Developing innovative therapeutic strategies to address the immunosuppressive state induced by sepsis is of paramount significance. Research into immunoadjuvant therapies addressing adaptive immunity defects in sepsis patients has gained momentum in recent years. CYT107, a glycosylated recombinant human IL-7, has shown promise when administered intramuscularly.
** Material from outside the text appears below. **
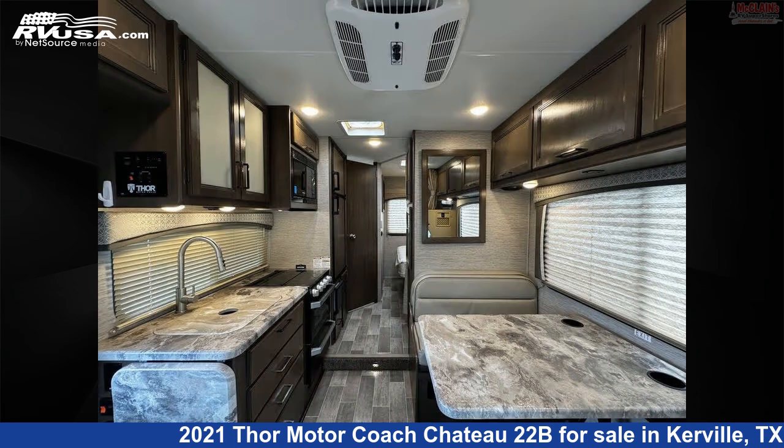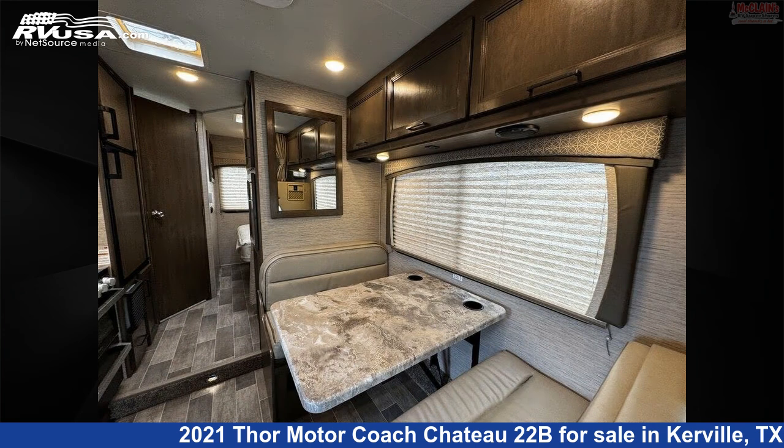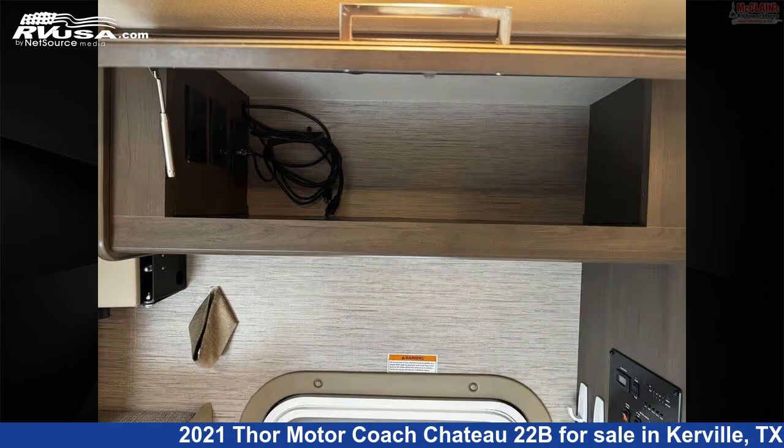Remember, this is an AI-generated video of one of thousands of classified listings on RVUSA.com. If you're interested in this unit, visit the link in the video description to view more photos and the current price, or reach out to the seller.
Beyond boosting circulating lymphocyte numbers, CYT107 enhanced lymphocyte activation, indicating its potential to mitigate the T cell dysfunction associated with sepsis-induced immunosuppression [43,59].
Despite years of research and significant progress in uncovering the precise pathophysiological mechanisms of sepsis, it continues to pose a major challenge for clinicians. The intricate processes underlying the initial hyperinflammatory phase and subsequent immunosuppression are attributed to the interplay of three key pillars: cellular apoptosis, secondary immunosuppression driven by the activation of the PD-1/PD-L1 axis, and IL-7, often regarded as the “master regulator” of the immune system. A deeper understanding of these mechanisms paves the way for innovative immunomodulatory therapies and the development of personalized treatment strategies.